Slaught then returned to action on June 29 and threw one scoreless inning of relief.

He was back.

"I feel like some of my stuff's getting better than it was in college," he said. "My breaking ball, slider is definitely a lot better than it was in college I feel like."

Opponents would likely agree.

He threw six innings of one-hit ball on July 2, followed that five days later with a sterling eight-inning, four-hit shutout at Mat-Su and capped this torrid stretch with a 2-1 win over the Goldpanners on Monday, when he allowed the lone run of this streak on five hits and one walk with eight strikeouts.

However, Slaught suffered a minor hiccup during his start on Saturday, allowing five runs -- four earned -- on six hits and a walk over just four troublesome innings.

Hennessey cited one reason for his hurler's success as being his 6-foot-5, 195-pound frame, from which he is able to stay on top of his pitches, benefiting from a downward plane.

"Instead of the ball kind of coming in flat to hitters, he actually gets a downward angle on his pitches," he explained. "It helps him stay on his curveball and his off-speed pitches and that's one part of his game that he just has naturally.

"(That's) something, as a pitching coach, that you try to teach guys to do, but he does it naturally," Hennessey added. "I think it's going to continue to make him successful throughout the rest of his career."

His deceiving changeup is another component to his success.
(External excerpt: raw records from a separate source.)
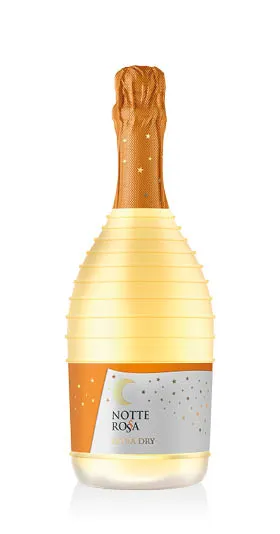Vino Spumante Extra Dry Notte Rossa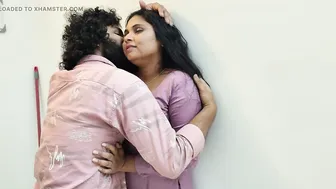 Stranger Entering Unknown House And Fucking The Girl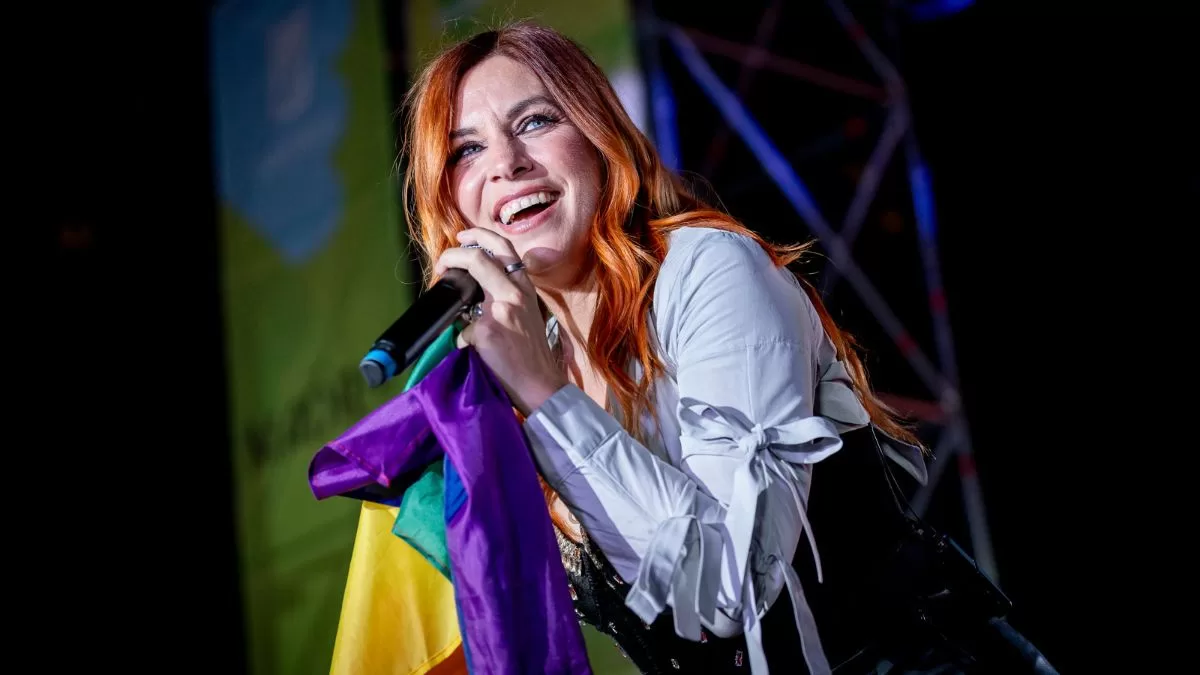 Leire Martínez regresa a Chile con dos conciertos tras abandonar La Oreja de Van Gogh: fechas, lugares y venta de entradas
While his fastball clocks in around 88 to 90 mph, Slaught's changeup accentuates his heater even more.

"He's got a great changeup and pitchers that have great changeups like he does, makes his fastball look faster," Hennessey said. "You throw a changeup at a certain speed and his fastball's 88 miles an hour on the gun, but you get hitters up there that see changeup, changeup, his fastball looks 91, 92 to them."

Don't forget about his curveball, though, a tight slider that seems to be improving each time out.

"Usually it's just fast-change mostly," Slaught said of his lethal arsenal. "But since I really came up here to really try and work on that pitch, I've been throwing it a lot more and it's worked well so far."

And as batters have become more acclimated to their wood bats and improved their stroke, Slaught, along with the rest of the Oilers staff, has answered the call.

"The hitters are getting better, so we have to get better," Hennessey said. "When I told them that, each guy, I think, has really kind of put in a little extra."

Slaught is hoping to get drafted one of these years, saying his goal of making it to the pros is like that of any boy growing up around the sport. First he has to finish what he started in Alaska, and should things tilt the Oilers way, down in Wichita, Kan., at the National Baseball Congress World Series.

"He's going to be a key. ... We're going to need him down there. Hopefully he'll continue to roll," Hennessey said. "I'd hate to say it, but statistically, I can't say it's going to last forever. But if he keeps doing what he's doing, he's going to help us big time."